O’Brien is also an active donor to the Ireland Funds, which provides millions of euro each year in private funding for various projects across the island.
Farther afield, in addition to his interests in Digicel, O’Brien owns the Quinta do Lago holiday and golf resort in Portugal, which was the subject of two offers earlier this year. O’Brien has owned the resort since the late 1990s but it is not clear if a sale will proceed.
However, he did acquire a hotel near his PGA Catalunya golf resort outside Barcelona in Spain, according to reports in The Irish Times last month. The Hotel Melia is to undergo an extensive refurbishment and upgrading of its 150 bedrooms with some €44 million being spent on the purchase and redevelopment of the hotel, which will reopen next year.
He also has a shareholding in Celtic Football Club and committed $48 million to the construction of a hotel in post-earthquake Haiti. The hotel opened this year under the Marriott brand.
Haiti is one of Digicel’s biggest markets and the company has spent about $100 million on various community initiatives in the impoverished country.
O'Brien is also well connected with former US president Bill Clinton and his wife Hillary, who is seeking the Democratic nomination for next year's White House elections.
According to the Clinton Foundation’s website, O’Brien and Digicel have donated between $5 million and $10 million to the charity, putting him in the same company as the Elton John Aids Foundation, the Coca-Cola Company and the government of the Netherlands.
O'Brien has also been busy selling assets in recent times, leading to speculation about his personal finances. In the late summer of 2014, he sold off his stake in Aer Lingus, netting more than €20 million for the share sale.

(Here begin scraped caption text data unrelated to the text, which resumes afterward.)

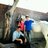 andresromero_95's profile image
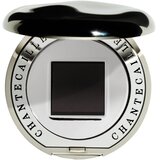 Chantecaille The Pebble Compact kaseta za senčila za oči 1 kos Cene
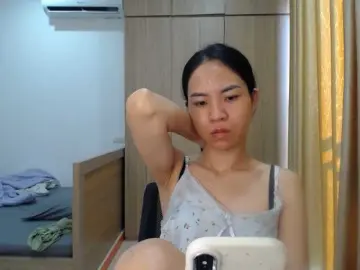AsiaSweet91  live sex cam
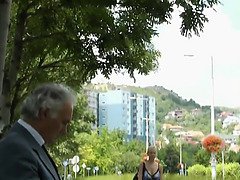 美人, ブロンド, Hd, イタリア人, 淫乱熟女, 乳首, 義母, 妻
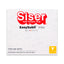 Siser EasySubli Individual Ink Cartridges for Sawgrass Virtuoso SG400/SG800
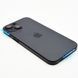 Корпус Apple iPhone 15 Black Original (Оригинал) 41656 фото 8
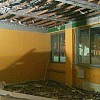 demolition 074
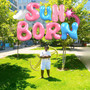 Sunborn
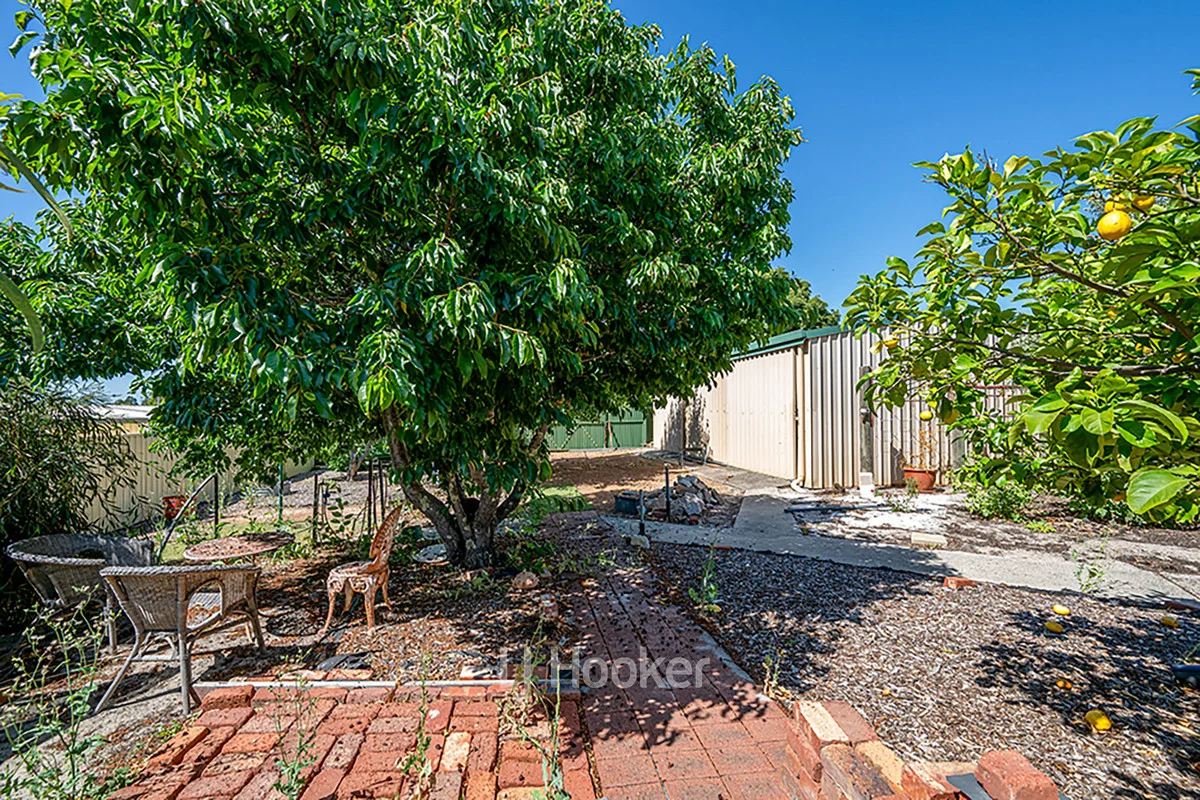 Additional image 28 of 27 Venn Street West, Collie WA 6225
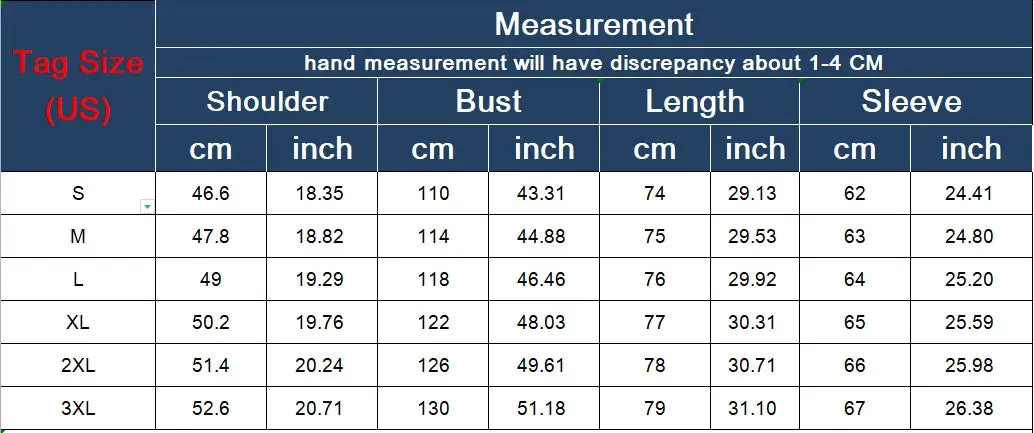 Cotton Linen Men's Long-Sleeved Summer Shirt with Stand-Up Collar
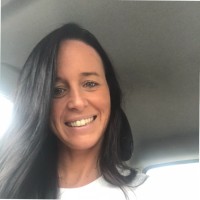 Andrea Smith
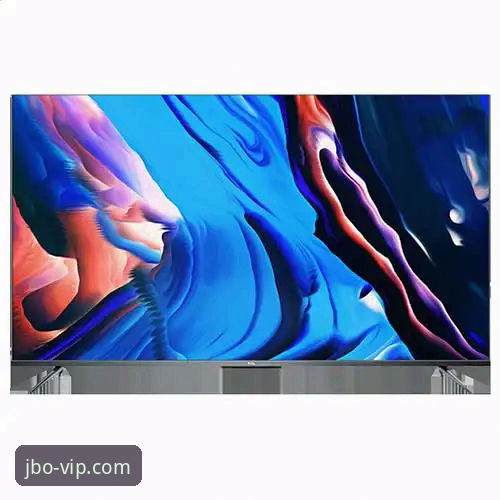 竞博体育平台对比 竞博体育平台对比实用指南:老用户教你选出最适合的版本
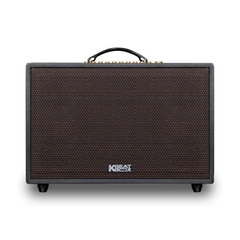 Loa Acnos CS3600 Pro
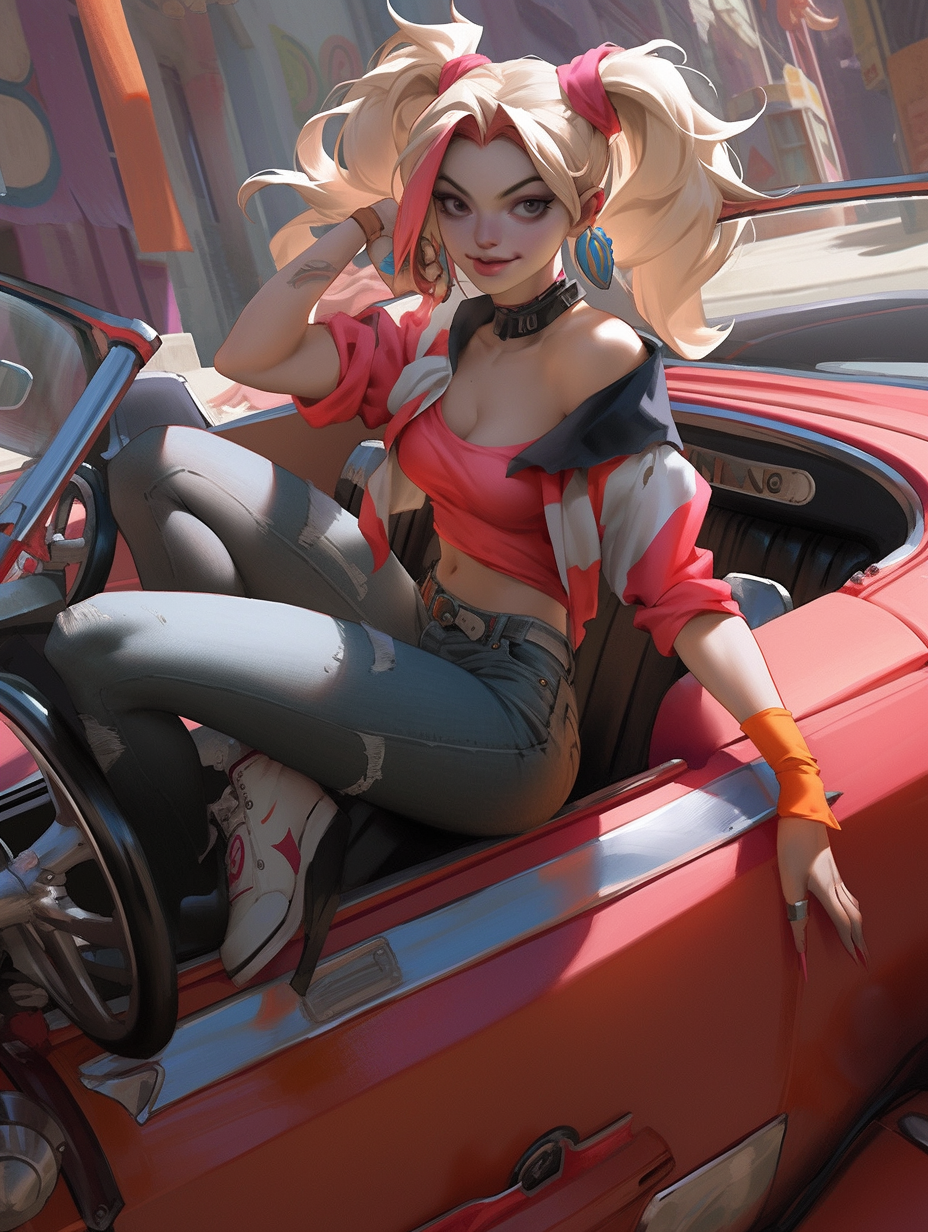 Midjourney全套教程_语法从入门到精通全套教程_辟谷全套教程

The shares had originally been acquired to help Aer Lingus ward off bids from Irish rival Ryanair. After selling his shares in Aer Lingus, O’Brien expressed his opposition to IAG’s takeover of the Irish airline.
In addition to considering offers of about €220 million for Quinta do Lago, O’Brien put his corporate jet up for sale in June for $67 million, although he was reported to have decided to replace it with a new Gulfstream model for a similar price.
Substantial borrowings
The recent sale of a radio station in Latvia and Digicel’s decision to offload its 75 per cent interest in the Myanmar Tower Company also feed the narrative that O’Brien needs to refinance some of his borrowings.

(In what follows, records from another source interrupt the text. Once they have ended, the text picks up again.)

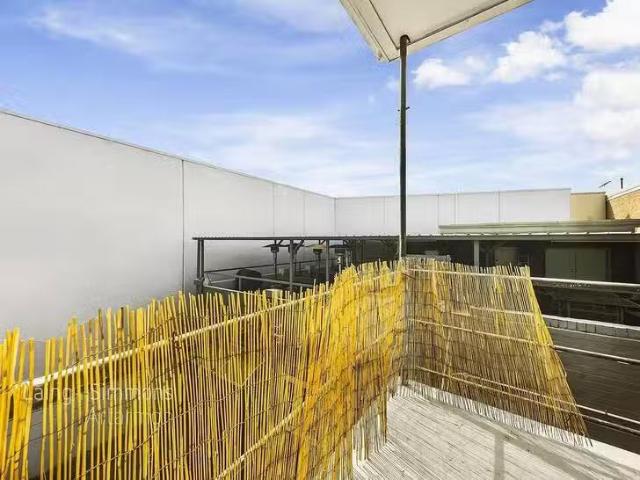 House for rent in Boambee East, New South Wales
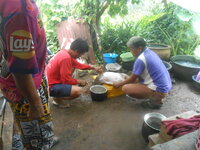DSCN1816.JPG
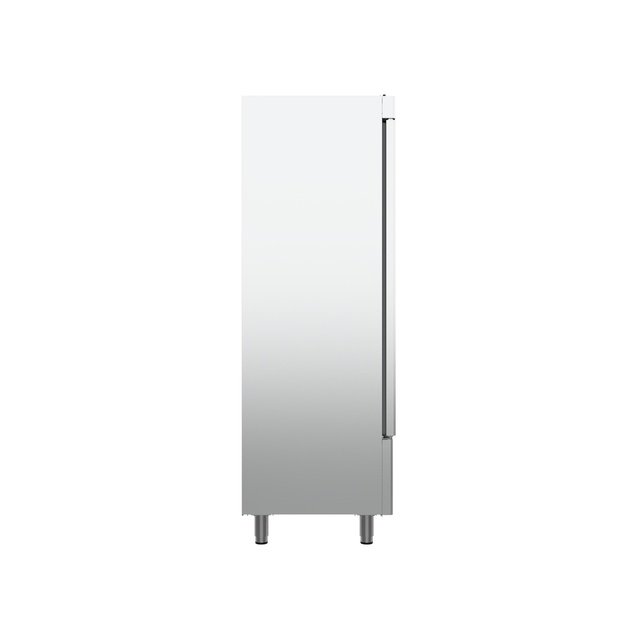 INFRICO AN1002TF – šaldymo spinta, 1110 l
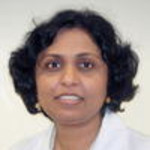 Dr. Akkamma Ravi, MD - Flushing, NY - Radiation Oncology, Internal Medicine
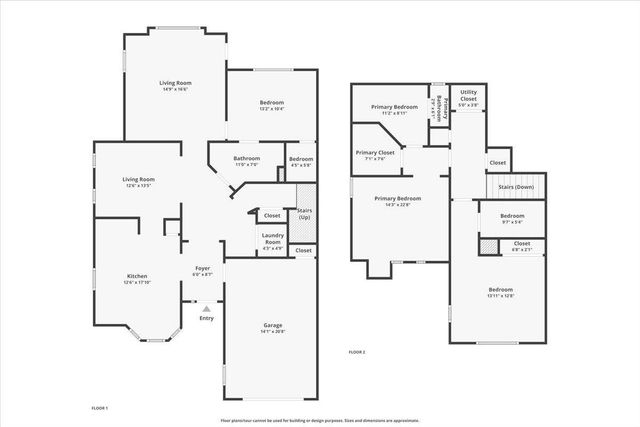 45 Hedge Row Road, Plainsboro, NJ 08540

Nobody can afford to lose more than €500 million on an investment, as happened to O’Brien with INM, it is argued, while he has also had to refinance his substantial IBRC borrowings.
Yet the structure of Digicel’s proposed IPO would appear to contradict this theory. While O’Brien was surrendering 40 per cent of the equity in Digicel, he was not taking any money off the table directly.
His investment vehicle Island Capital stood to earn up to $10 million as an advisory fee from a successful IPO that would have been small compared with the hundreds of millions O’Brien could conceivably have earned from a share sale.
Instead, the proceeds were earmarked to repay some of Digicel’s $6.5 billion debts and to fund about $400 million of new media acquisitions.
He has also earned a hefty $1.1 billion from Digicel in dividend payments over the past three years and currently receives $10 million per quarter from the company.
Then again, the IPO would have placed a paper valuation on O’Brien’s holding, which he could have leveraged to bolster his finances. Had the Digicel IPO gone through at the midpoint of price range proposed by the company, O’Brien stock would have been worth a cool $2.7 billion, albeit with lock-up provisions preventing him from selling shares for six months.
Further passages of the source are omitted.